Pesta Kembang Api dan Drone, Ancol Bidik 120 Ribu Pengunjung Malam Tahun Baru

Masyarakat diimbau agar memanfaatkan transportasi publik saat mengunjungi Ancol karena pihaknya akan melakukan rekayasa lalu lintas.

Diterbitkan 17 Desember 2025, 11:01 WIB
Share
Copy Link
Batalkan
Jadi intinya...
  • Ancol menargetkan 120 ribu pengunjung pada malam tahun baru 2025.
  • Beragam hiburan disiapkan, termasuk kembang api, drone, dan konser musik.
  • Pengunjung diimbau gunakan transportasi publik karena rekayasa lalu lintas.

Liputan6.com, Jakarta - PT Pembangunan Jaya Ancol menargetkan 120 pengunjung pada malam pergantian tahun, yakni 31 Desember 2025.

“Pada tahun lalu, jumlah kunjungan mencapai 80 ribu di periode tersebut.

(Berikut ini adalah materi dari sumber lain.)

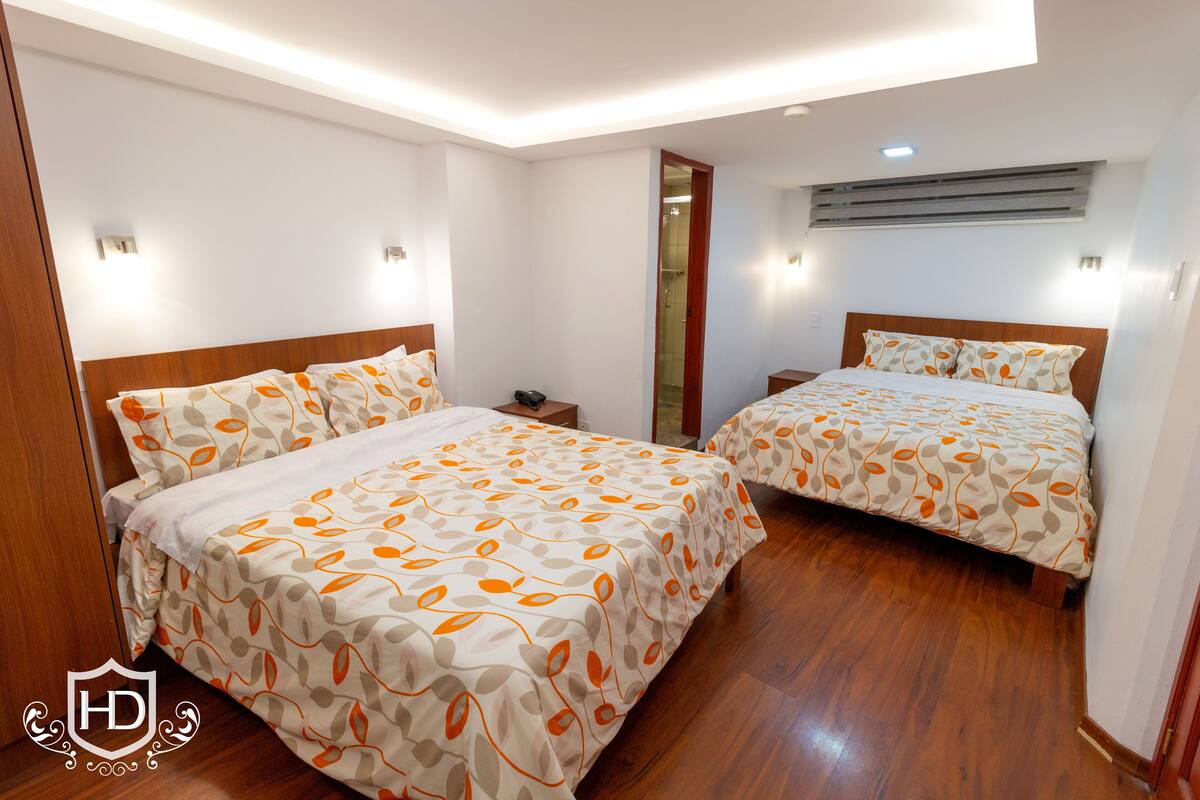 Quarto de hotel com duas camas, piso de madeira e um aparelho de ar condicionado na parede.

Tahun ini, kami ingin ada kenaikan dibanding tahun lalu,” kata SVP PT Pembangunan Jaya Ancol Budi Aryanto di Jakarta, Rabu (17/12) seperti dilansir Antara.

Menurut dia, target tersebut ditetapkan karena Ancol menghadirkan beragam hiburan menarik pada malam pergantian tahun, salah satunya pesta kembang api terbesar di sepanjang pesisir pantai Ancol, yaitu di Pantai Karnaval, Pantai Lagoon, dan pantai lainnya.

“Tahun lalu, kami menghadirkan pesta kembang api terbesar, dan tahun ini lebih besar,” ujar Budi.

Selain pesta kembang Api, kata dia, Ancol juga menyuguhkan pertunjukan drone terbang.

“Pada malam tahun baru nanti, penampilan drone tentu akan lebih menarik,” ucap Budi.

 

Konser

Kemudian, sambung dia, ada pula konser musik yang digelar di sejumlah lokasi di kawasan Ancol, yang menampilkan deretan band kawakan untuk menghibur pengunjung.

“Untuk titik konser ini, nanti akan ada tiga titik konser yang dapat dinikmati pengunjung,” tutur Budi.

 

Manfaatkan Transportasi Publik

Lebih lanjut, dia pun mengimbau masyarakat agar memanfaatkan transportasi publik saat mengunjungi Ancol karena pihaknya akan melakukan rekayasa lalu lintas, bekerja sama dengan Suku Dinas Perhubungan Jakarta Utara dan Satuan Lalu Lintas Polres Metro Jakarta Utara.

“Kami menyiapkan rekayasa lalu lintas yang bertujuan membantu pengunjung masuk dan keluar kawasan,” ungkap Budi.